Cavs update 8/19
Posted by disappointmentzone on 19 August 2006
Yesterday the Cavs signed Scot Pollard, formerly of the Indiana Pacers, to a one-year, $2 million contract. He’s a career 4.7/5 player who’s best known for his ever-changing hairstyles. He will share time with Varejao (and Marshall) in relief of Gooden and Ilgauskas, probably playing about 10-15 minutes per game. Pollard is a solid defender who is best offensively when running in the open court, which suits him quite well to this Cavs team. He won’t score a lot of points, but then again the power forward position is not relied upon to provide much in terms of scoring anyway. Anyone who can bring some form of toughness to the frontcourt will be well appreciated. If anything, we won’t have to watch Varejao hack Rasheed Wallace in retaliation for Wallace’s brutal elbow to Ilgauskas’s head–Pollard will certainly be doing the dirty work, a role he embraces with glee. Speaking of which, that no one else stepped up when Wallace put a huge gash in Z’s head is very troubling. Who would have thought the skinniest guy on the team would also be the player with the biggest balls? If there was a single moment in which Varejao endeared himself to me (and to a lot of Cavs fans) it was when he (somewhat) violently hacked Wallace to the floor. Where was Gooden? Where was Marshall? Where was LeBron? Oh, I know where LeBron was–buddying it up with Wallace after the game. For all of David Stern‘s silly worrying about the urbanization of the NBA, nothing signals that all the tattoos and shiny jewelry are just a weak front to cover up the gentrification of NBA players more than the hug session that went on after that Cavs-Pistons game. You think Dennis Rodman or Bill Laimbeer would have been hugging it out like an episode of Entourage? Hell no. Anyway, I could go on, but I’ll stop.
The Cavs also traded Martynas Andriuskevicius to the Bulls for second-year guard Eddie Basden.

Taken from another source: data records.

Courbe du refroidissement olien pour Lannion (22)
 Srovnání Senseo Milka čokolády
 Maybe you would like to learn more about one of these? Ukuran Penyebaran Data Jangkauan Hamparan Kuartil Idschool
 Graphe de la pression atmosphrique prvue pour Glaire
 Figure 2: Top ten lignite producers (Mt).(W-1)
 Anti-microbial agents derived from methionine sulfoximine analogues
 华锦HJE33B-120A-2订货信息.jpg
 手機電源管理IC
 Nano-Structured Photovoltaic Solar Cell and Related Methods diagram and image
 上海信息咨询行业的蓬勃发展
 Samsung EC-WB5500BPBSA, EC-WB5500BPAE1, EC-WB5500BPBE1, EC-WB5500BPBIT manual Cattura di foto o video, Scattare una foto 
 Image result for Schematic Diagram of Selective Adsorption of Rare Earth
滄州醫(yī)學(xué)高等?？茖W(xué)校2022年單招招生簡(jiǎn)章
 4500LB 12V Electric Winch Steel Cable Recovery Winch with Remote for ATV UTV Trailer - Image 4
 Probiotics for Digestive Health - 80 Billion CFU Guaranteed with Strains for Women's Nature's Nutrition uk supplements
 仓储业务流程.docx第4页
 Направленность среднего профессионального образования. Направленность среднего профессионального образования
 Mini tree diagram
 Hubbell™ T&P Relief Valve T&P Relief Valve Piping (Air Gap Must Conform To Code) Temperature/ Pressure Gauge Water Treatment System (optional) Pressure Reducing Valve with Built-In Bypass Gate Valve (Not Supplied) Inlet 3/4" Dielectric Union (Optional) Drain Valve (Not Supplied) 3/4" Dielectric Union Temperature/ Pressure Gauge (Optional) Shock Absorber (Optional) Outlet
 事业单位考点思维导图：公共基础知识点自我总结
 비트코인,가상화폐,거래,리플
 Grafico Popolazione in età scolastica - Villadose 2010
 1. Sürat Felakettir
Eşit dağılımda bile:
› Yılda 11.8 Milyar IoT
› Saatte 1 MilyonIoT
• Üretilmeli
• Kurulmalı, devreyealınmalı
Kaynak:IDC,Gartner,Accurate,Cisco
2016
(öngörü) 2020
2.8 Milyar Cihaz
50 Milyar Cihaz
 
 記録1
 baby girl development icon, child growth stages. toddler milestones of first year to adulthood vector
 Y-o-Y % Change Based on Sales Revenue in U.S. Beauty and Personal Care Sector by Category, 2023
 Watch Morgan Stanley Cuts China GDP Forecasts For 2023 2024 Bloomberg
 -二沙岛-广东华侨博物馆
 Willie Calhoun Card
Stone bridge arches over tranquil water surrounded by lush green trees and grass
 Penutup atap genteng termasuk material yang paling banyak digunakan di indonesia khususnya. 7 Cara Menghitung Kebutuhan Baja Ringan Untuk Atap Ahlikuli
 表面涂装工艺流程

This trade was partly motivated by financial considerations–Andriuskevicius’s contract is guaranteed while Basden’s is not. Andriuskevicius is also far from an NBA-ready player and the Cavs don’t have the roster space to keep such a player around. Trading him to the Bulls is less about his skill than about the Cavs’ current and future roster options. Also, the Cavs will save on letters for the back of jerseys. Basden played very little for the Bulls last season. Twice he was the Conference USA Defensive Player of the Year. He’s 6-foot-five and can only play SG, so he comes to the team with a fairly limited range. If he plays at all–first he must beat out Stephen Graham in training camp–it’ll be in spot duty as a defensive stopper.
Basden gives the Cavs about 47 SGs/SFs. Not surprisingly, the Cavs are actively seeking trades for both Sasha Pavlovic and Luke Jackson, according to the Akron Beacon Journal, and the first team to offer anything within the vicinity of a serviceable player will likely walk away with Damon Jones (and his contract). Pavlovic and Jackson are both in the last years of their contracts. Jackson is beginning to look like Larry Hughes but without the skill. That is to say, a player who can’t avoid hurting himself. Pavlovic will always be remembered as the rube on the wrong end of this Dwayne Wade highlight. Assuming he’s able to overcome the stigma of being attached to a play that’ll likely be shown in countless highlight reels for the rest of Wade’s career, he could turn into a solid backup SG/SF capable of starting in the occasional game.